Veeam repositories, both Windows and Linux based, are running a software component responsible for receiving and storing data as they are processed by proxies. One of the most important parameter when sizing a repository is its expected memory consumption. Here are some informations for its proper configuration.
What Veeam repository stores in memory
A Veeam Repository is responsible for the collection of saved blocks coming from proxies and their storage on a disk target, local or remote. In order to speed IO operations on disk, a Repository leverages multiple technologies involving memory. Obviously, there’s always a tradeoff between disk IO and memory IO, so any saved IO on the storage has to be compensated by some additional IO on memory. But given the fact memory is multiple times faster than disk, this is a good tradeoff.
At a first level, a repository uses memory to store incoming blocks. This queue collects all blocks coming from proxies, caches them in memory and after some optimizazions it is flushed to disk.
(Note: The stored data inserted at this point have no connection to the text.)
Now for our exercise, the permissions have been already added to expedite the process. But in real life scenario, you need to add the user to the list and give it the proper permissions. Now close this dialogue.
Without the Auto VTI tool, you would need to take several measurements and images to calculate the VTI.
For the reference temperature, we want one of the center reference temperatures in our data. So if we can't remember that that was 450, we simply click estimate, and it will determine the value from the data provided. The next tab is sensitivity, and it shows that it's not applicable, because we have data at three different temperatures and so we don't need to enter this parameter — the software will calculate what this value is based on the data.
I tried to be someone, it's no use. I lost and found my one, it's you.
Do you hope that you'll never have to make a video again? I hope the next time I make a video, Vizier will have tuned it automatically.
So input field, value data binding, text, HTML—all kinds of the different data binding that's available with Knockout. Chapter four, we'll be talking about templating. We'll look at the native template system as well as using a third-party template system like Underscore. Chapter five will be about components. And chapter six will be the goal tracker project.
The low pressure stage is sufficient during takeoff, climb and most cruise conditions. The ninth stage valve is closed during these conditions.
This allows to reduce to a minimum random IO impacting the backup files, while trying to serialize as much as possible the writes operations. The amount of memory consumed by the queue is simple to be calculated: it uses up to 2 GB of memory per active job.
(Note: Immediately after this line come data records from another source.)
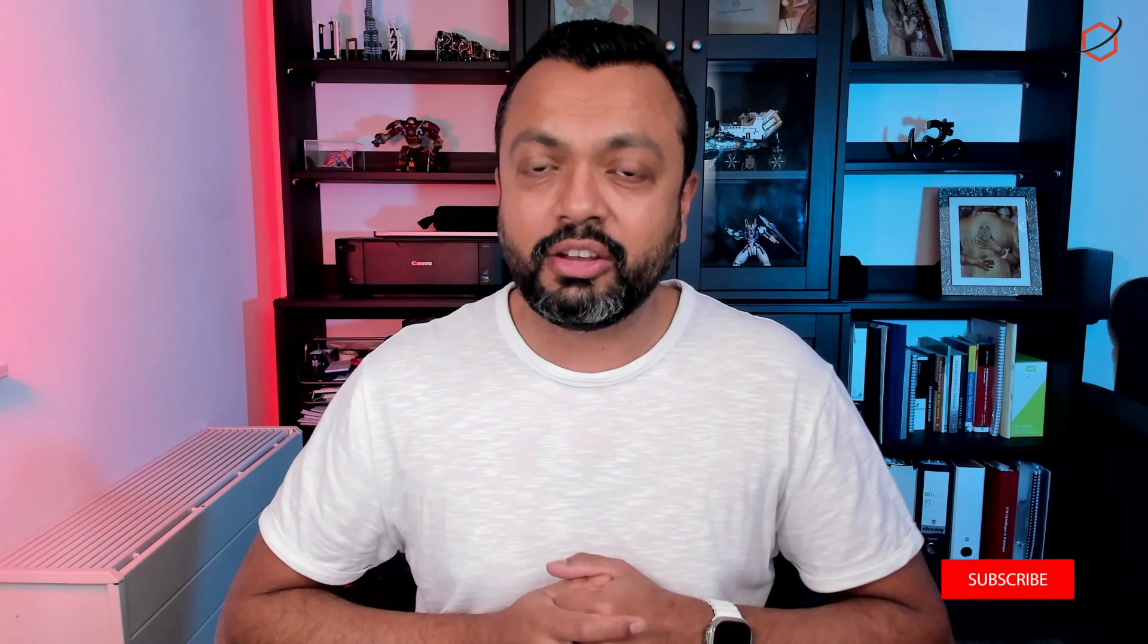As always, thank you for watching. Don't forget to click on the like and subscribe button below. If you have comments, leave it in the comment section and I will try to get to them as soon as possible. See you next time. Take care.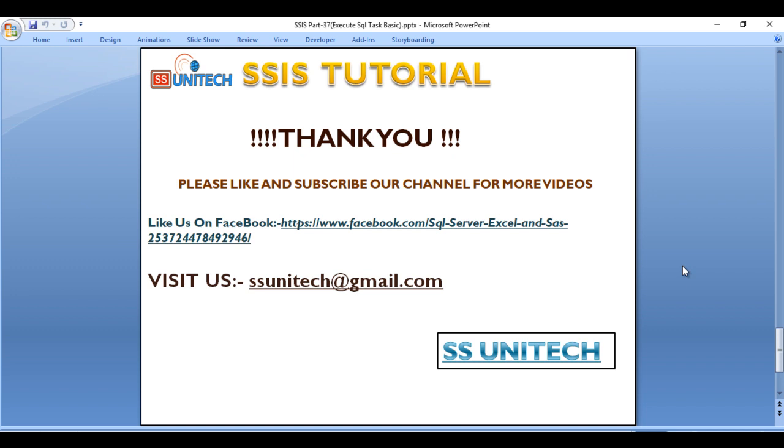So thank you so much for watching this video. If you like this video, please subscribe our channel to get many more videos. Don't forget to press the bell icon to get the notification of our newly uploaded videos. Thank you so much.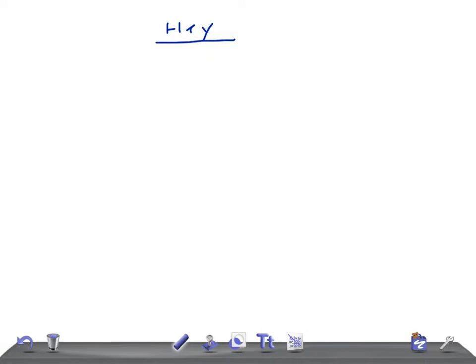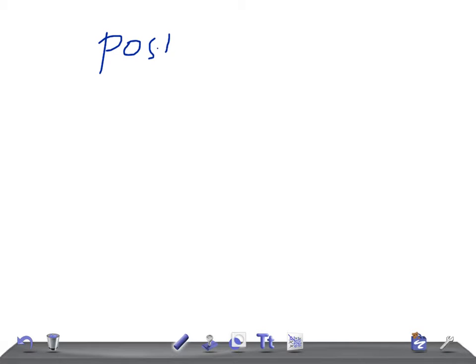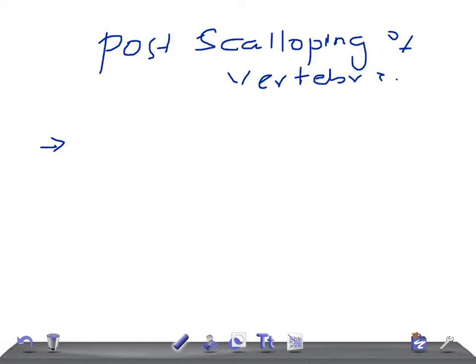Hey guys, welcome back to Alanan Law. This is a quick radiology video and today I'm going to talk about causes for posterior scalloping of vertebra. In a previous video we discussed the causes for anterior scalloping of vertebra. This is a two-minute radiology video, very important for USM examination — remember that.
But this is not the only memory consumed by the repository: Veeam backup files contains deduplicated informations of the saved blocks. As in any deduplicated storage, in order to keep track of stored blocks, there are metadata informations stored along the file itself (Remember, in Veeam metadata are compared inside the same file, not as a global deduplication system).
When a new block needs to be written into the repository, for example during an incremental backup, the Veeam datamover component running in the repository (also referred as the target datamover) has to read these metadata, compare the hashes of the stored blocks with the incoming blocks arriving from a proxy, and decide if this block has to be stored because it’s new, or it just needs to update the metadata informations when the block is already stored from a previous write operation. This is extremely important especially in a scale-out design, when multiple proxies are writing data into the same backup file: blocks coming from different proxies might be duplicated, so the right point in the chain to compare them is the target datamover itself.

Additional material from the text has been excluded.